The coins move around and small amounts are sent away, but the majority ends up back in Mt. Gox's main (hot) wallet. This repeats a few times until the majority is paid back to the main Mt.Gox address.
Here is the transaction where it starts to get interesting:
What's left of the 500,000 (429.9k) is split into roughly half and sent to 2 new address. And then each of those address splits the coins in half and sends to two new address.
The end result is that the 429k was split again and again until the funds are split into many addresses, each of which now contain less than 1,000 BTC each. I stopped following the transactions there.
Why take 429k and split it into many addresses each containing less than 1,000 BTC each?
I'd like to see someone trace all of these coins and see if they end up coming together somewhere or show a pattern.
It would be interesting to put these transactions, or the whole blockchain, in a graph database like Neo4J. Dealing with it as a graph would make it easier to find the sinks for all the transactions that started from that wallet. It would also be interesting to look at deviations from the historical statistical distribution in the aggregate of these transactions as a function of time, that would show when a single actor moved a lot of bitcoins even if it is allocated among many addresses. I would bet that the thieves didn't bother to match their transactions with the background statistical distribution.

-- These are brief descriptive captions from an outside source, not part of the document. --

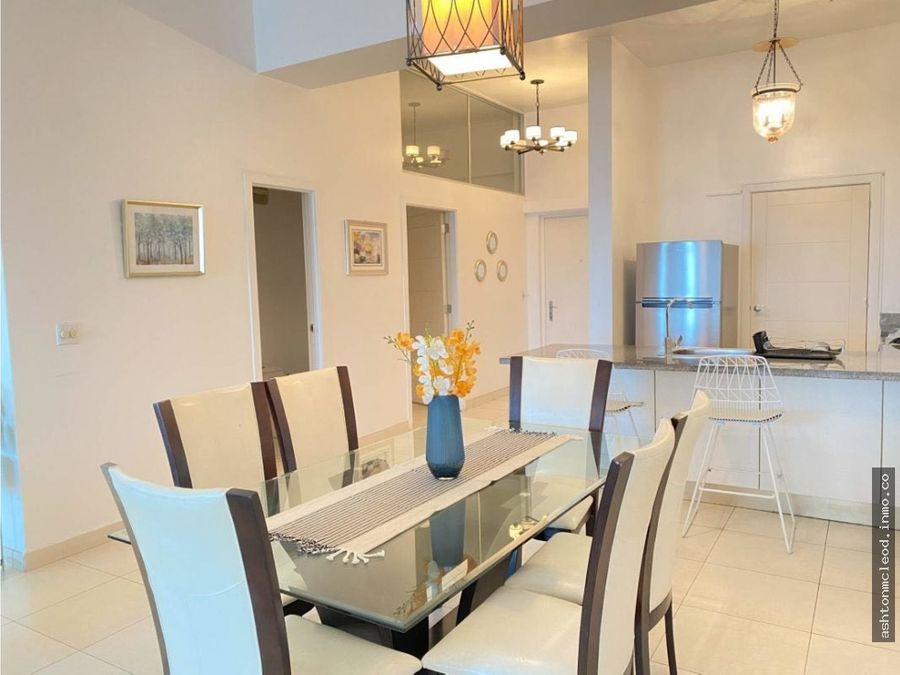 Apartment at Panamá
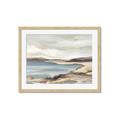 Picture of Lazy Shore _GroupedProduct_Rectangle_Landscape_Framed_Matted_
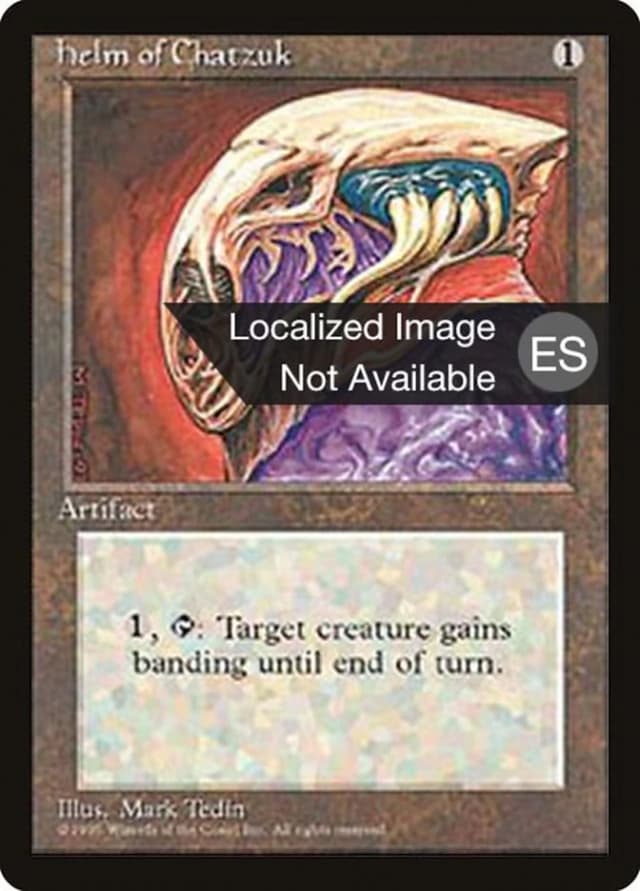 Helm of Chatzuk image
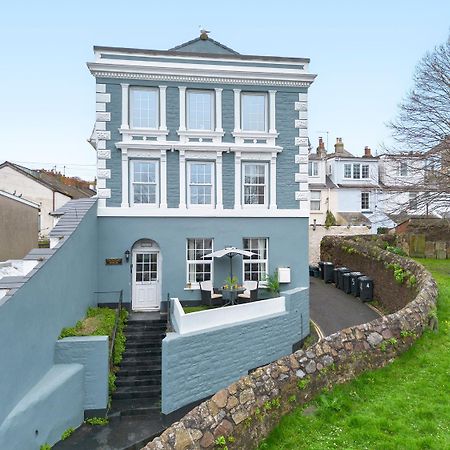 Stylish 2 Bed Apartment Near Beach, Parking, Wifi, Netflix Teignmouth Dış mekan fotoğraf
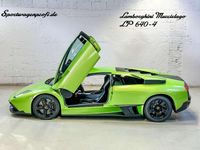 Gebraucht Lamborghini Murciélago 640 PS (470 kW) 2008 Verde ithaca Coupé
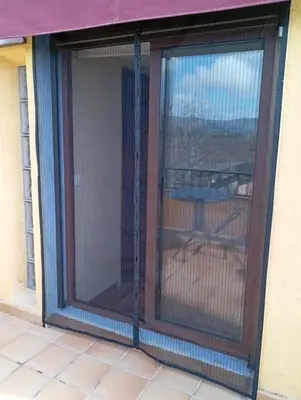 Un balcón o terraza de Casa el Sereno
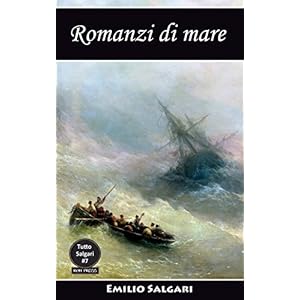Romanzi di mare: Un dramma nell'oceano Pacifico, I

It's under Pricing in the FAQ page (the gist: contact them via the contact link to discuss a price, because it's apparently too complicated to estimate), but yeah, the FAQ seems like rather an odd place to relegate such an important aspect to.

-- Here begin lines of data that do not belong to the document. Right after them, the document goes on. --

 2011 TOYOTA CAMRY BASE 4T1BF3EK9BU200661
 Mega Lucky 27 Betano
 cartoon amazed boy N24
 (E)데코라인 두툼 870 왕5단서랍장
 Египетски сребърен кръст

A quick translation: "pricing not on the front page, because contact us" -> "we have an enterprise sales model, which means that if you won't pay six figure prices, forget you ever saw this product".

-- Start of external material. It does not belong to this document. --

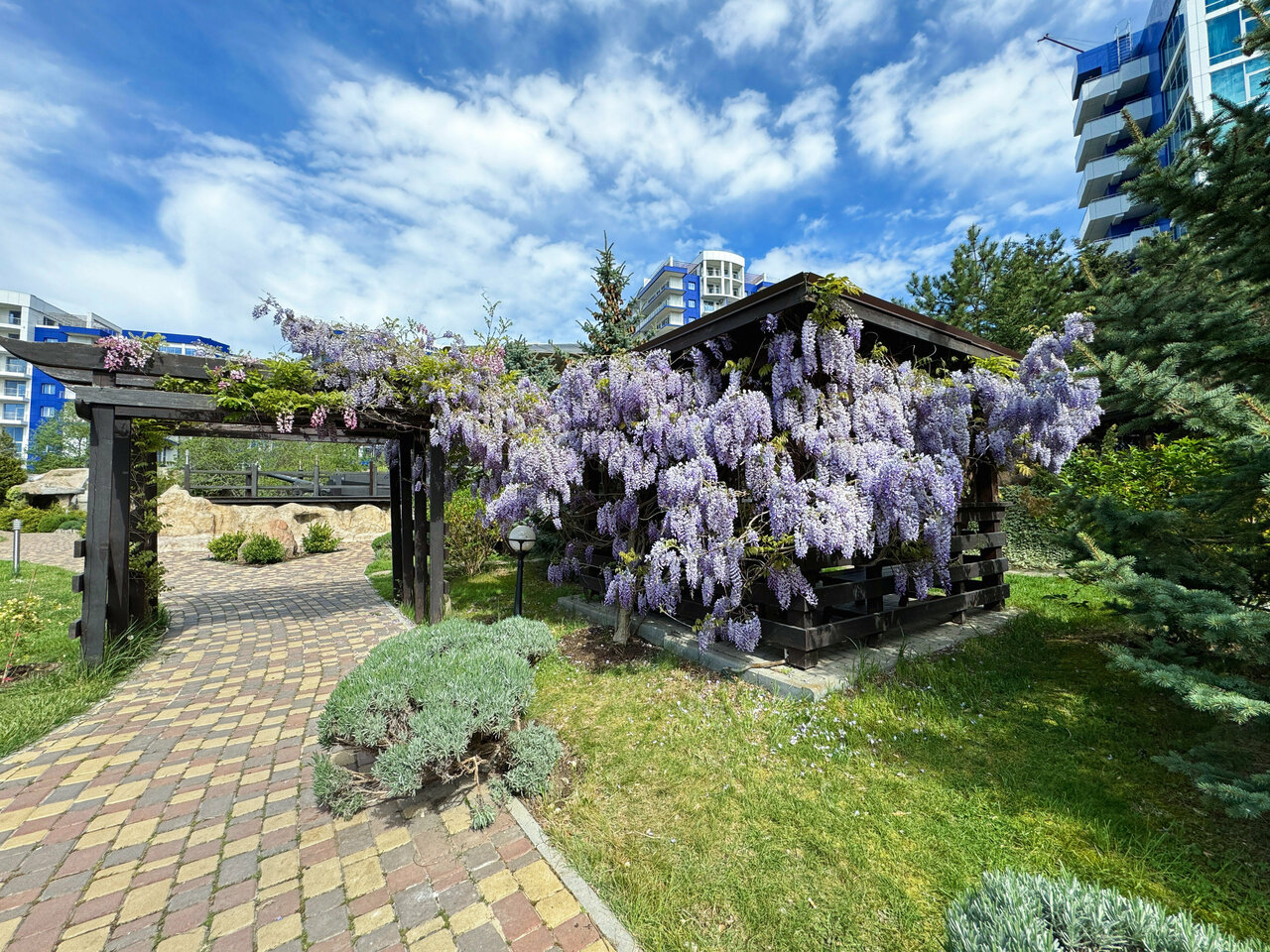 Гостиница Гранд Отель Аквамарин Ру Севастополь-153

Not always literally true, but a good rule of thumb; you can't really sell $100-$1000 products that way, the cost/time of salespeople doesn't work out in that case.
Edit: Guys, the original address. The one which contains the MtGox coins. If you track any large transaction. > $30k, even the recent ones. They follow the same pattern. Split into two. And they all end up in pretty big wallets.
As much as I want to call it a witch hunt, there seem to be some patterns (I may be biased as I do want this thing to end up in positive). There's still so much information missing.
I'm a bit new to bitcoins, but is it technically possible for the bitcoins community as a whole to make a blacklist of bitcoins addresses and "ban" the stolen bitcoins ?
Such blacklist would daunt robbers and enforce public trust in bitcoins.
This is not technically speaking impossible, but the Bitcoin community has a visceral hatred for the idea, because it allows off-blockchain-entities to effectively deprive them of the use of their coins. It also undermines trust in the currency generally, since why accept Bitcoins if there is the possibility that you'd be paid with black Bitcoins instead of white Bitcoins, when you're practically speaking guaranteed that all dollars are green.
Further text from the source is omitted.